C’est la nature de son origine qui la juge.
Rainer Maria Rilke, Lettres à un jeune poète, 1929
Je photographie le paysage méditerranéen pour montrer un des paysages les plus fameux, les plus représentés, espace fondateur de civilisation et de pensée. Pour montrer à la fois la nature pérenne et le paysage façonné par l’homme, l’impact de la modernité.

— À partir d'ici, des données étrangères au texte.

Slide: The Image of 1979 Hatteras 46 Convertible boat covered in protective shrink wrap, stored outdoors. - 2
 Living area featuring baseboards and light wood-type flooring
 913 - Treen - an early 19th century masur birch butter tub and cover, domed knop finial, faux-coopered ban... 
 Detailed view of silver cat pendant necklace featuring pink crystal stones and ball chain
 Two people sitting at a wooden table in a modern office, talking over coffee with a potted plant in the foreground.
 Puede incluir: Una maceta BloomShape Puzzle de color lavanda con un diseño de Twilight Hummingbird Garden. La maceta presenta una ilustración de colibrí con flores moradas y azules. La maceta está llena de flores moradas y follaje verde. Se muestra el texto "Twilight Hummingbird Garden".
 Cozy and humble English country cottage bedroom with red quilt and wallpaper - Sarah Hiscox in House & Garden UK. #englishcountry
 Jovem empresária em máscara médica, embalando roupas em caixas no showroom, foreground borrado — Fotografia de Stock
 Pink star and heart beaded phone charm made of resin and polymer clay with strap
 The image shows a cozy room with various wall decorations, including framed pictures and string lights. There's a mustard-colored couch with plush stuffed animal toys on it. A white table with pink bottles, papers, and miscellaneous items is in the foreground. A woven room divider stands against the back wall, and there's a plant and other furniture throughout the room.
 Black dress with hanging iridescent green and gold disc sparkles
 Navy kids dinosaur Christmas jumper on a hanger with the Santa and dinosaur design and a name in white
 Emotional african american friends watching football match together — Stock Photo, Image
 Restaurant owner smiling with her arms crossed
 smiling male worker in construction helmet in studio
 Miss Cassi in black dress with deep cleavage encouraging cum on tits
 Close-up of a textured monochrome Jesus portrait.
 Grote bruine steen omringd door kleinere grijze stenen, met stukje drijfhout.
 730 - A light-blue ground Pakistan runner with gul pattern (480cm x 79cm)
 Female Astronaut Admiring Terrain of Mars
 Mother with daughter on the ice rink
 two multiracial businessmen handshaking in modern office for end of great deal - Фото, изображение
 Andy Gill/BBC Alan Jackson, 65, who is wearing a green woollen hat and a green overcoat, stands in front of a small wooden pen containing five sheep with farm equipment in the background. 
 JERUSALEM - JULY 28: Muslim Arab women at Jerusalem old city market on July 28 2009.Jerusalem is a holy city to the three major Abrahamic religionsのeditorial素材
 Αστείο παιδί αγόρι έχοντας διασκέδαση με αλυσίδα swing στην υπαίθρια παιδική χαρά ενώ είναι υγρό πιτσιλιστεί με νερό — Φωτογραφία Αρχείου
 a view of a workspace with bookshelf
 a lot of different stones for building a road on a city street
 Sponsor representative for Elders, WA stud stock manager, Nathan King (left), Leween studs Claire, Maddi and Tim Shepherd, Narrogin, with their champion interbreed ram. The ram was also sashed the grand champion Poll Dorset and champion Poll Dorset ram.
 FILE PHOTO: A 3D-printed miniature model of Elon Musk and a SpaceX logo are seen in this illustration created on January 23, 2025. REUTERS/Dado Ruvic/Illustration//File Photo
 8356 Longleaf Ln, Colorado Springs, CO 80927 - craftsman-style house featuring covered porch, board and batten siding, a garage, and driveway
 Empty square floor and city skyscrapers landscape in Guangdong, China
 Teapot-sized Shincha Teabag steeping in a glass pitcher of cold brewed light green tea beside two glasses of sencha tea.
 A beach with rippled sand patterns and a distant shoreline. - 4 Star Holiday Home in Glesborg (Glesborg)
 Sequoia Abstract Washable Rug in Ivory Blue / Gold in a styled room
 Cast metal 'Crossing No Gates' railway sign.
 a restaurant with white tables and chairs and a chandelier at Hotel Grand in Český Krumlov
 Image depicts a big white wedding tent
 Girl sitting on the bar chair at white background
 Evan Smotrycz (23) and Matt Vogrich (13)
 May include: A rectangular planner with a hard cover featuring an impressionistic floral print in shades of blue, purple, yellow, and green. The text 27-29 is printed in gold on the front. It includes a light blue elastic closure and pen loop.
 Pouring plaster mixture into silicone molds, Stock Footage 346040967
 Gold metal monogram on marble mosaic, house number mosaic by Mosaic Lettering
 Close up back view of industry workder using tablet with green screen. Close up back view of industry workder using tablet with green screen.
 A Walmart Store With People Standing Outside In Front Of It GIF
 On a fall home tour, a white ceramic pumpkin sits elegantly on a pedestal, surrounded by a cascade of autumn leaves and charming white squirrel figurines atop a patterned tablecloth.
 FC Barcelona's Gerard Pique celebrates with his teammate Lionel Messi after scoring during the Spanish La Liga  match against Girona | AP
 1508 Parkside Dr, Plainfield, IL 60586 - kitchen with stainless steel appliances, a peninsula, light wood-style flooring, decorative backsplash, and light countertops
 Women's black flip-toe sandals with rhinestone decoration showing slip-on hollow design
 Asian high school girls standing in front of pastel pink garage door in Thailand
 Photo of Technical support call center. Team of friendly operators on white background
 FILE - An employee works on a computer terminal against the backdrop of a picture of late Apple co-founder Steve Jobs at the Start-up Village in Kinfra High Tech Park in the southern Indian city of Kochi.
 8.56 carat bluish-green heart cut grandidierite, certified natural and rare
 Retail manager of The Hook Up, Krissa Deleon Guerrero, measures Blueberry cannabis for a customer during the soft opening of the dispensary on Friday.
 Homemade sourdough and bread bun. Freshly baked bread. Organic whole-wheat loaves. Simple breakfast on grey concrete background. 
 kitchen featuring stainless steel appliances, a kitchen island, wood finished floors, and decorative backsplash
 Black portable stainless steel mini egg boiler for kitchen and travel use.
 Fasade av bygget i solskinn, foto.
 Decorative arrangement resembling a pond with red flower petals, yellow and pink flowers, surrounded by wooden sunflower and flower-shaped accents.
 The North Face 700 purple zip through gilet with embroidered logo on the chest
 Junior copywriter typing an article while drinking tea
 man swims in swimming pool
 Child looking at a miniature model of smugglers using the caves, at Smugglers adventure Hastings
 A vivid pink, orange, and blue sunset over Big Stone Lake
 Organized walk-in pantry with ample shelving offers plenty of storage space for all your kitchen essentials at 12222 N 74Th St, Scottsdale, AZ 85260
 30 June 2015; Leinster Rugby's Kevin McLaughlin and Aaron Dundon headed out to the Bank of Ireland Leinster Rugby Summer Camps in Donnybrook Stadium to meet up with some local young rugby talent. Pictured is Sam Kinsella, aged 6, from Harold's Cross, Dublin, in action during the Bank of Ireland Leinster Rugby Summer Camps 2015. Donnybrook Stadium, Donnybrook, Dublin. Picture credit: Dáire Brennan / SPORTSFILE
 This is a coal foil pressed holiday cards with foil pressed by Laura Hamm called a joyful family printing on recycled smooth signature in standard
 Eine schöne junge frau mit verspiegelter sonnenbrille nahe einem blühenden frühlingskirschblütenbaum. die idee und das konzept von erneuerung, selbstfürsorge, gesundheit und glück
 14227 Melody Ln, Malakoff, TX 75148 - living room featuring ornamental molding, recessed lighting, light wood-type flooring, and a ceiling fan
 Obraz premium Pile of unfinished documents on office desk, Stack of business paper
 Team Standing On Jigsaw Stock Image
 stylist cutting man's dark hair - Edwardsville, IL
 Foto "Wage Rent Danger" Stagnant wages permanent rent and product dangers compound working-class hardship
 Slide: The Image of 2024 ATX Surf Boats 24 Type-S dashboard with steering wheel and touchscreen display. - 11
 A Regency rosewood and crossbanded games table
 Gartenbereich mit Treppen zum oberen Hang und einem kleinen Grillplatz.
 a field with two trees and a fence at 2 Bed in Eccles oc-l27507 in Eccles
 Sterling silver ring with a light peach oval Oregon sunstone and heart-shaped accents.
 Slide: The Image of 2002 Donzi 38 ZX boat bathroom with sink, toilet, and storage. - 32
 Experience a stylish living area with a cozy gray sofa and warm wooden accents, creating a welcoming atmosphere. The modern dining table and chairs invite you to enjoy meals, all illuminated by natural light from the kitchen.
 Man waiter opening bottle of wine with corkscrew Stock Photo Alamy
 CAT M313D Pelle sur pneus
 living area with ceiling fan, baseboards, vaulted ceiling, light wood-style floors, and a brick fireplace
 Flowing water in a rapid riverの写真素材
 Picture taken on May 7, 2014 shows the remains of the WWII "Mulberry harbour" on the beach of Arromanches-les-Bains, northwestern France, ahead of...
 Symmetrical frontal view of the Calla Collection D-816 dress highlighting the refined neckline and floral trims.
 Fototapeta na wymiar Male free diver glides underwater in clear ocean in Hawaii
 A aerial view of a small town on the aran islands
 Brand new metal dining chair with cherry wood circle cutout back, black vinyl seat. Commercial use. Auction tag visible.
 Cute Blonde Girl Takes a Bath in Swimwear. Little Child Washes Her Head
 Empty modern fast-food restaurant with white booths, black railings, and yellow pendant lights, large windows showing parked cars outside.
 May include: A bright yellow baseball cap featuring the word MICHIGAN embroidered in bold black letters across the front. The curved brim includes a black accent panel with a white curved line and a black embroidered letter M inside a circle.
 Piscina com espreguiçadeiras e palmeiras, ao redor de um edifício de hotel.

Cette Méditerranée est pour moi terre de chaleur, de champs de blé noirs de soleil, de fragrances d’oranger, de plages suaves et de brûlures. Elle est aussi mon domaine littéraire de prédilection avec Albert Camus, René Char, Jean Giono, Neguib Mahfouz, Cesare Pavese, Elio Vittorini ; elle m’incite à méditer les œuvres de Paul Cézanne, de Pierre Bonnard et des peintres régionaux du Sud de la France ; elle s’est incarnée pour moi à la perfection dans L’Avventura de Michelangelo Antonioni.
Mes références photographiques plongent dans le passé fondateur des explorateurs du dix-neuvième siècle, mais j’assume aussi l’héritage des grands contemporains que j’ai exposés, édités, enseignés : leur esthétique définit les bases de la photographie moderne. C’est grâce à leur fréquentation que je peux faire ces photographies, hommage rendu à mes rêves d’adolescent par l’homme que je suis devenu.
Je n’ignore pas que la Méditerranée est de nos jours espace de déchirures et de guerres. Espace où l’agriculture et le tourisme industriels produisent des paysages où la hideur le dispute à l’inhumain, et que c’est une mer où les pêcheurs ramènent parfois dans leurs filets les cadavres des migrants. Si j’en donne une image harmonieuse, c’est parce que je veux garder espoir dans l’univers qui m’a façonné, convaincu avec Fernand Braudel, que le paysage est la forme en creux de l’homme, et qu’il faut comme Camus, imaginer Sisyphe heureux.
( In Méditerranée paysage natal. Maquette en quête d’éditeur.)